But if you speak about mothers, grandmothers, or other relatives in general, there's no need to use the capital letter. Also, you should use a lowercase letter in the titles of relatives if there is a possessive pronoun or a determiner before the title. Here are a few examples:

  • Did you finish the letter to your grandma?
  • Where does our cousin Lucy live now?
  • Emma became a mother last week!
  • I have a lot of cousins, but I've never met them.

Capitalize (Almost) All the Words in Titles

The capitalization rules for titles of books, movies, TV shows, games, as well as articles' headings, require capitalizing almost all the words of the title, not just the first word.

In practice, this means that you need to capitalize all nouns, adjectives, verbs, adverbs, and particles except "to" before the infinitive. Please note that auxiliary (helping) words are not included: prepositions, the particle "to" before the infinitive, articles, most conjunctions, and short auxiliary verbs are written with small letters. Here are several examples:

  • Gone with the Wind by Margeret Mitchell.
  • Harry Potter and the Sorcerer's Stone by J.K. Rowling.
  • The Old Man and the Sea by Ernest Hemingway.
Capitalization rules in English

However, if the conjunction, auxiliary verb, or preposition consists of four letters or more, then a capital letter is also required:

  • My favorite U2 song is With or Without You.

Pronouns are always capitalized - even a short "it" in the title needs a capital letter. Also, the list does not include the subordinating conjunctions (another exception to the rule), even if they are short: "as" or "if" should also be capitalized in the title or heading.

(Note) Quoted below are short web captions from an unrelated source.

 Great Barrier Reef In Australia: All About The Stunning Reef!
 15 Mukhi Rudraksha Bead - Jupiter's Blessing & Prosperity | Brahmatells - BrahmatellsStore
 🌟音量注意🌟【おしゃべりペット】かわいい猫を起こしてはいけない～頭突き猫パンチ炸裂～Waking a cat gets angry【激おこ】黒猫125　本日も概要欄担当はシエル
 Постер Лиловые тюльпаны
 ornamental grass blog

You should also note that some words can act as different parts of speech: in one title, they are written with a small letter, and in another with a capital letter. For example, "in" can be not only a preposition but also an adverb - as in the title of the gospel song Bringing In the Sheaves.

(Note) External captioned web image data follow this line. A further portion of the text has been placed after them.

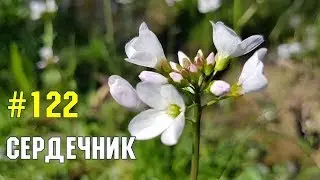 Сердечник | Жизнь в Адлере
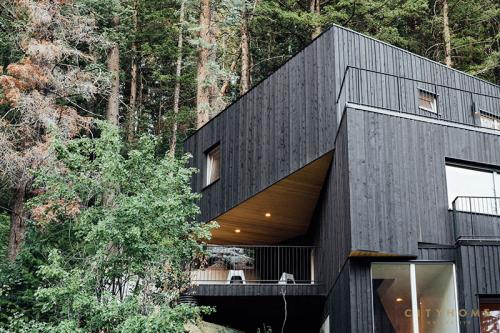 Деревянный дом, который «встроили» в лесной склон 01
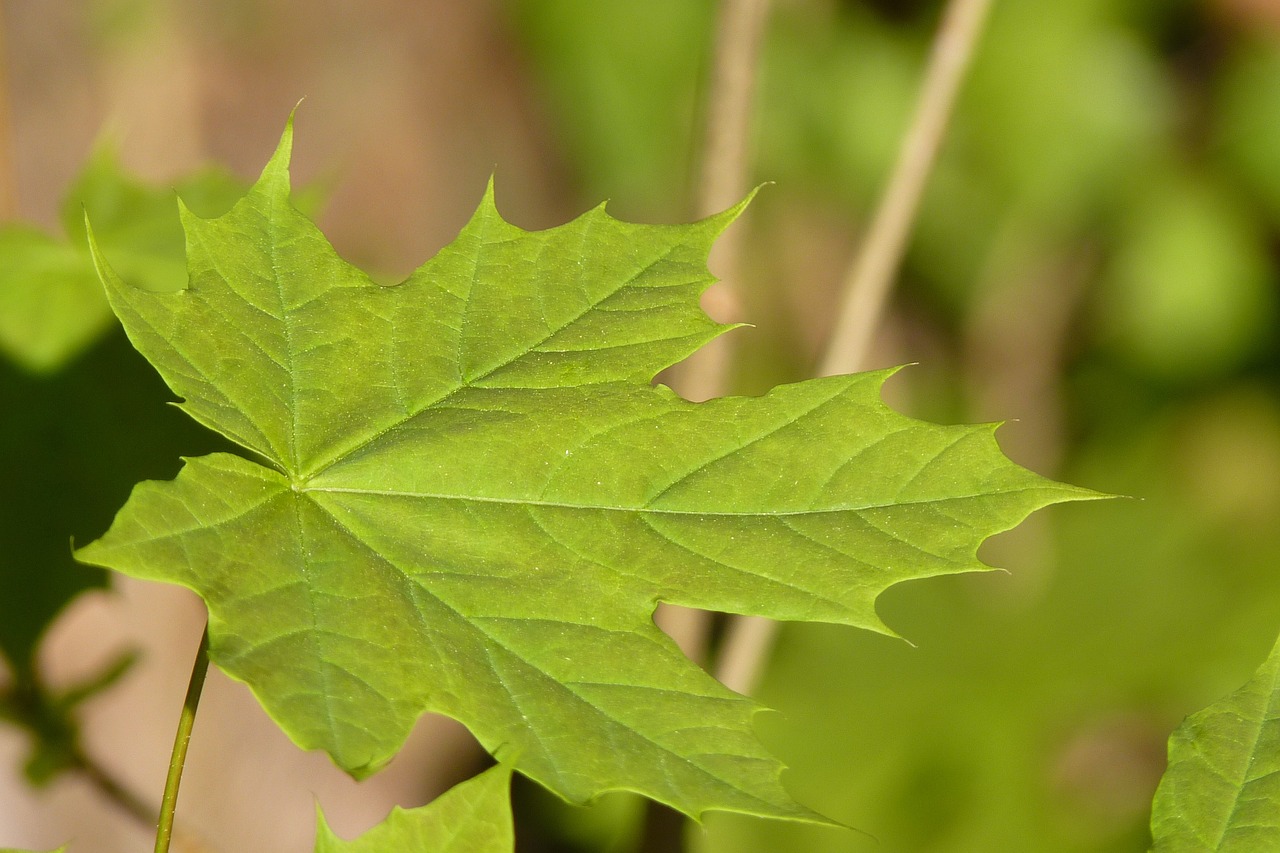 maple leaf tree free photo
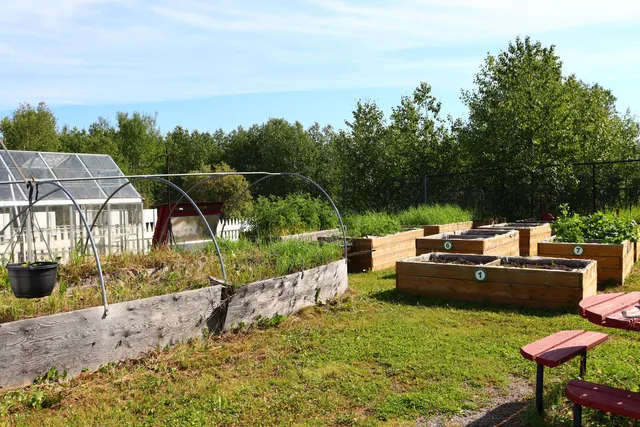 photo-2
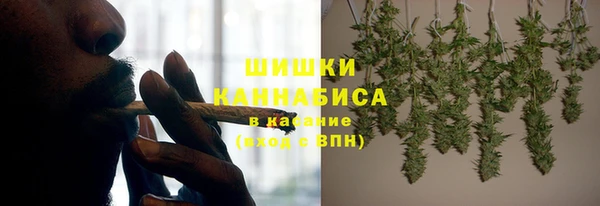 спайс Богданович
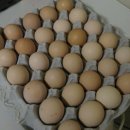만들기 쉬운 버섯 계란장조림 이미지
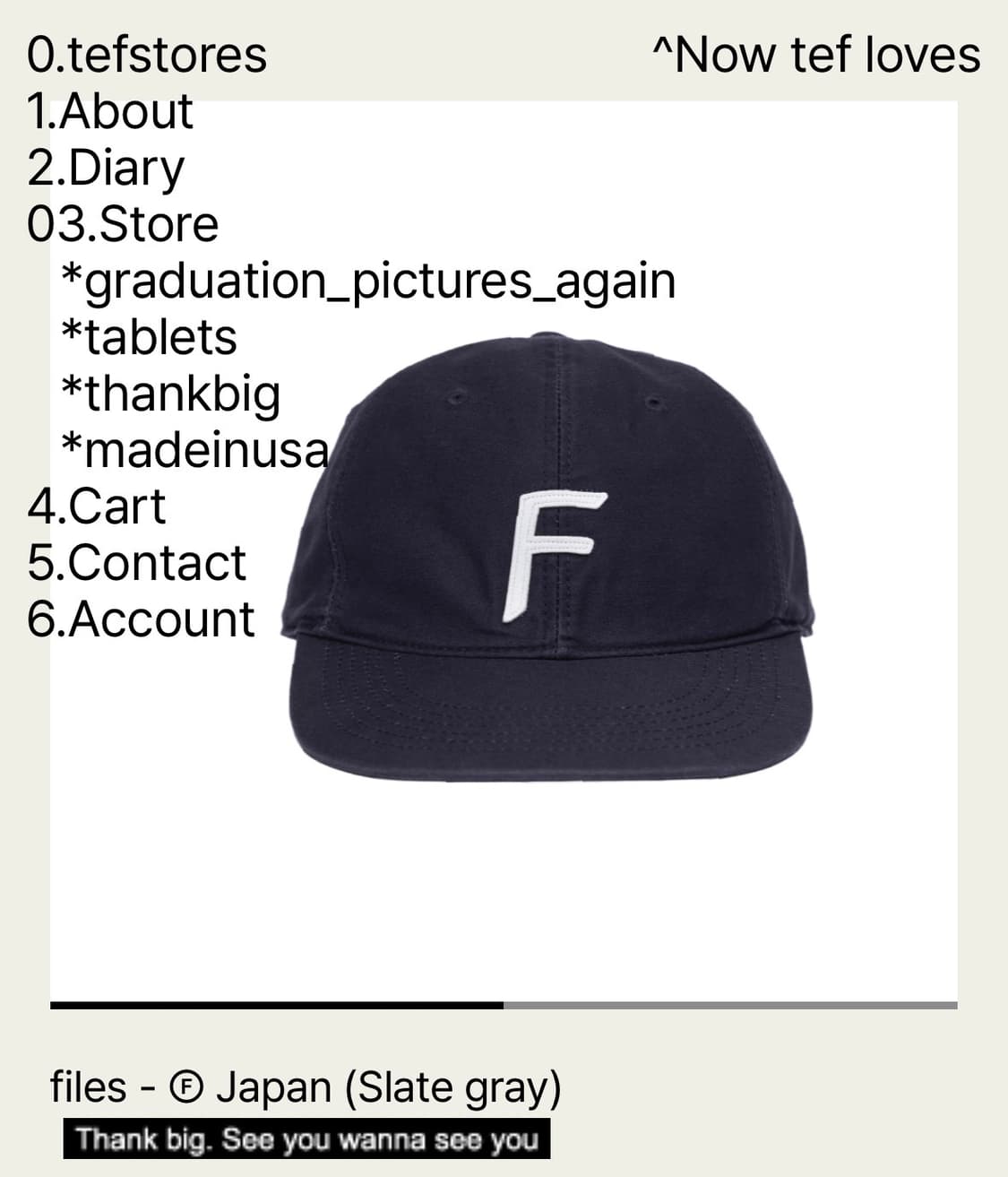 테프스토어즈 볼캡 files - Ⓕ Japan (Slate gray) M 상품이미지1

Another capitalization rule for long titles and headings to remember: the first and last words must be capitalized, even if they belong to articles, prepositions, or particles.

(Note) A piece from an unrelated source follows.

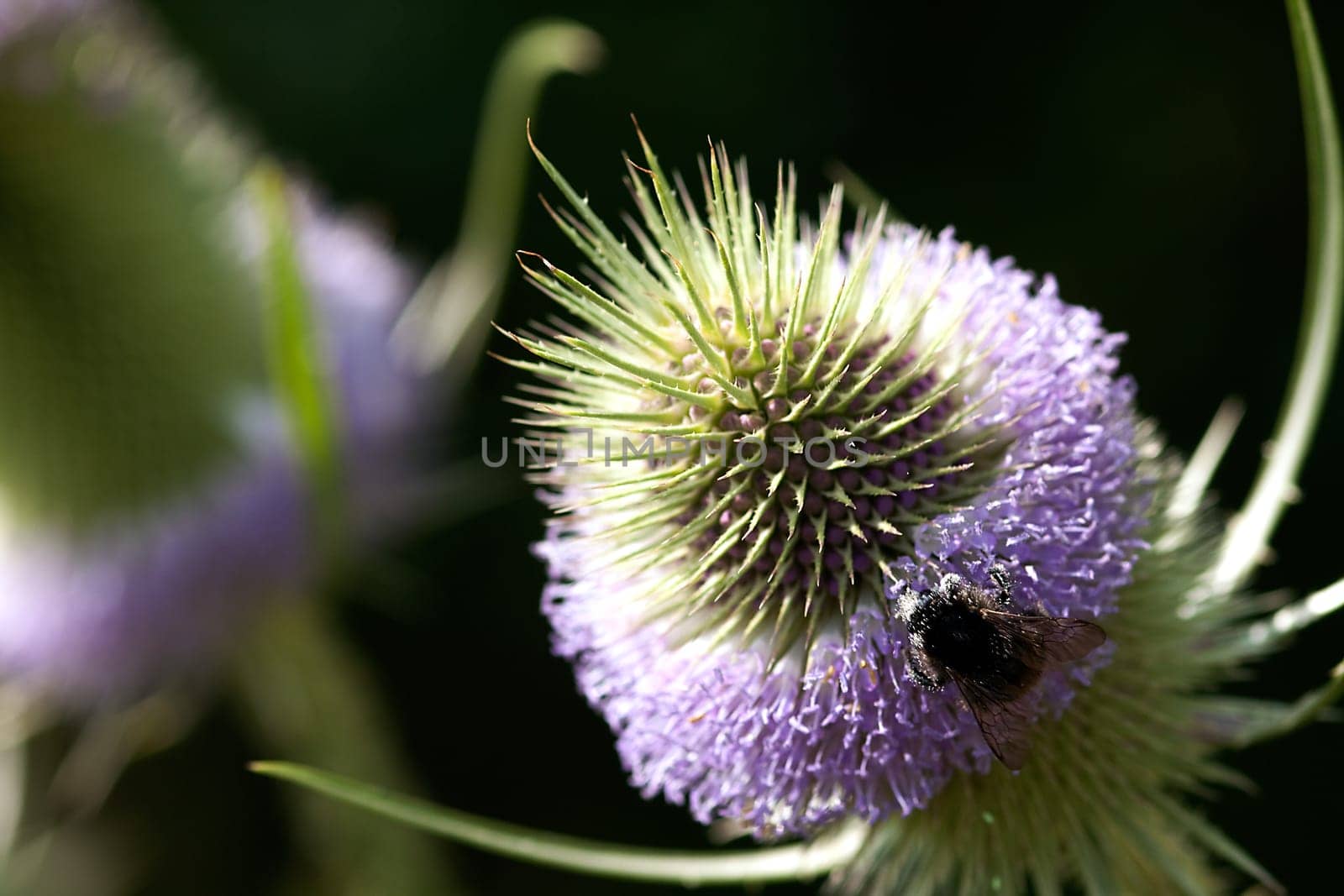 Teasels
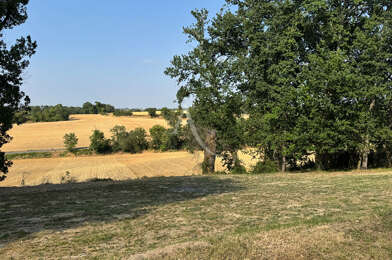 Terrain  78500 €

As you can see, writing a title in English correctly can require a lot of effort and attention to detail. Many native English speakers simplify these capitalization rules and write all words with a capital letter.

However, if you want to make sure your writing always stays consistent and looks professional, you may consider choosing a particular writing style guide and sticking to it in your writing.

The Bottom Line

Capitalization rules in English

As you can see, making sure that all the words in a sentence are correctly capitalized makes your writing look better. It's completely normal if you cannot keep all the capitalization rules in mind - many native speakers can’t, and English grammar sometimes is very complicated.

It's impossible to remember every proper noun and exception to the rule, so feel free to return to this guide when needed and look for more examples or particular words when in doubt.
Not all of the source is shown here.